Sarkis readies for new solo show

ISTANBUL

Sarkis aims to exhibit a new installtion at Gallery Mana. He will also aim to bring his latest workd together at the solo exhibtion that will open in May.

Turkish-Armenian artist Sarkis is preparing to open a new solo exhibition at Galeri Manâ on May 23.

The artist’s first solo exhibition at Galeri Manâ will present a new installation, bringing together his most recent works. The exhibition will be complemented by a conversation between Sarkis, Uwe Fleckner and Nico Anklam at the nearby Galata Greek Primary School on May 24 at 6 p.m.

In “İkiz/Twin,” Sarkis creates a universe of dualities at work in multiple layers. Copper surfaces with their reflective and transmissive properties take center stage in a setting where each floor of the gallery space acts as an original twin to the other. The twins are endowed with minor distortions expressed in the time lapse and spatial divide between the two floors, and also in the substance and the form of each work. Each object is encountered twice but both are of essence, referring to the founding dualisms of the human experience and conception of the universe. This duality is transcended only by the sound element of the exhibition.
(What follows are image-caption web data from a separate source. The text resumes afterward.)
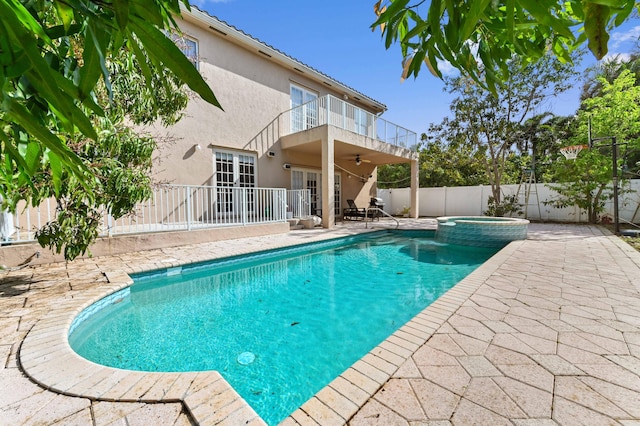 view of swimming pool featuring a pool with connected hot tub, a patio, ceiling fan, and a fenced backyard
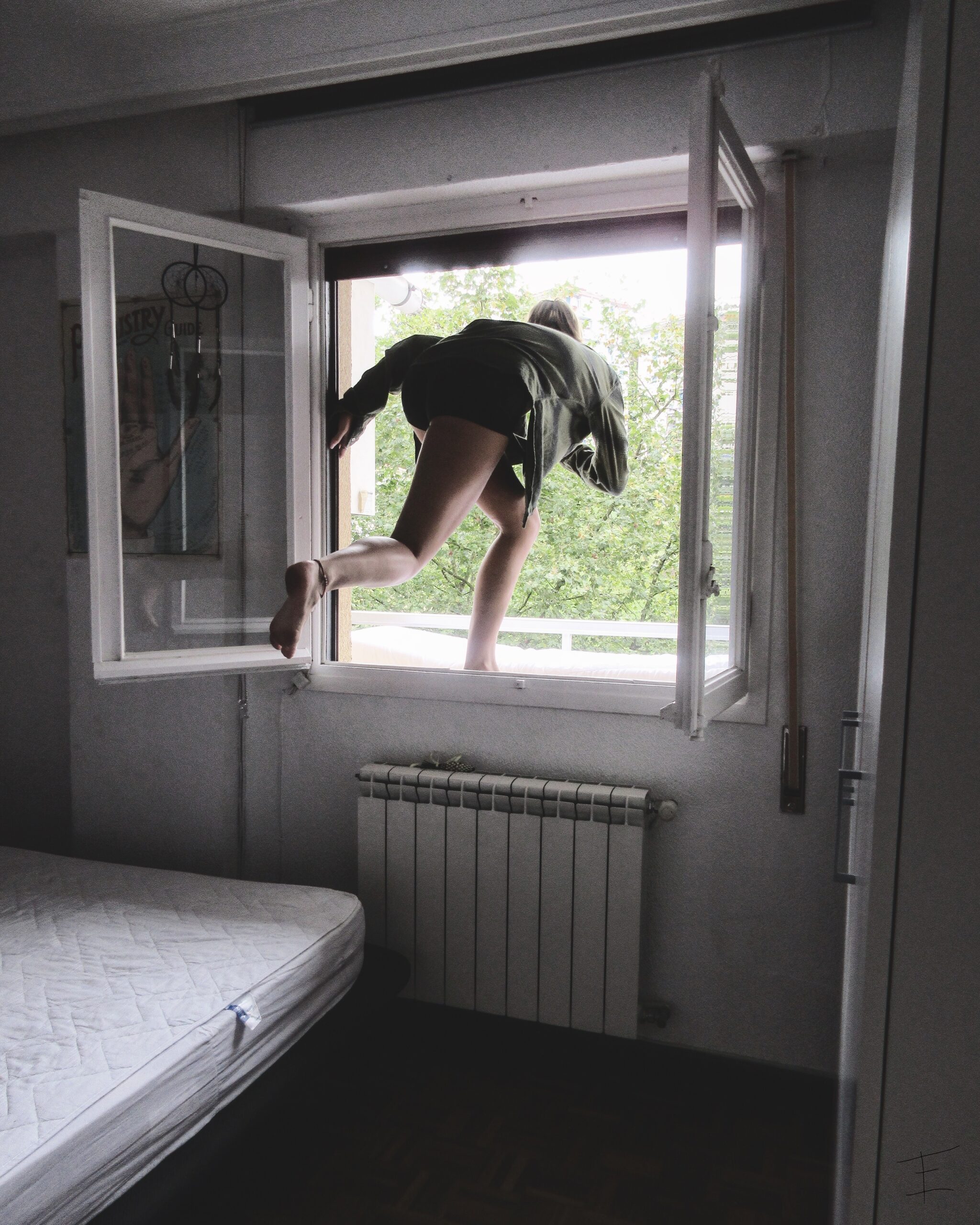 Emily is stepping on an open window ledge from a bedroom, as if she's about to lunge off into the outdoors.
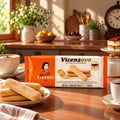Matilde Vicenzi Vicenzovo Italian ladyfinger biscuits package and loose cookies on a wooden table.
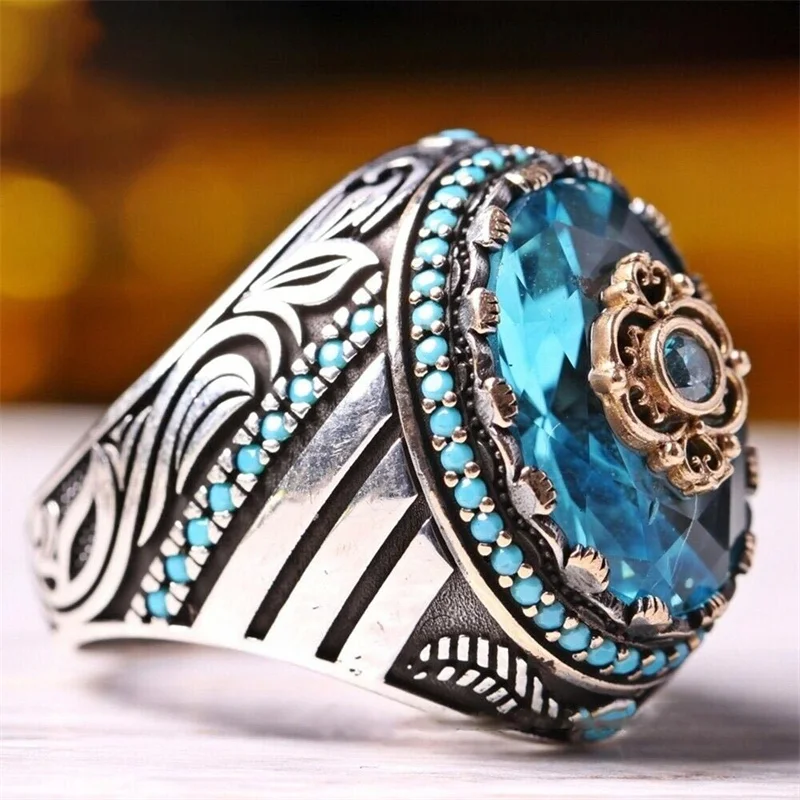 

New European and American Retro Twill Egg-shaped Blue Gemstone Ring Men and Women Trendy Fashion Flower Index Finger Ring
A musical score also fills the entire space, also connecting the exhibition to Sarkis’ “Ballads” installation at the former shipyard in Rotterdam, while the distant, ringing sound of bells conveys the song of two whales in dialogue as Sarkis engages in his own conversation with John Cage.

A fully illustrated catalog will accompany the exhibition with contributions by Fleckner and Anklam focusing respectively on Sarkis’ use of visual phenomena in relation to memory and on this latest installation of works.

Since the earliest stages of his artistic practice, Sarkis has searched for an aesthetic language and experience characteristic of contemporary times. A constant urge to create a new language underlies Sarkis’ oeuvre, which is always reflective of the nature of the materials, media and sites he uses. Taking inspiration from autobiographical elements as well as art history, literature, music and film, he emphasizes the historicity and performativity of objects and sites. Through the physical, historical and conceptual encounters he stages, the artist brings new life to fixed and frozen depositories of memory.

The exhibition will continue until July 6.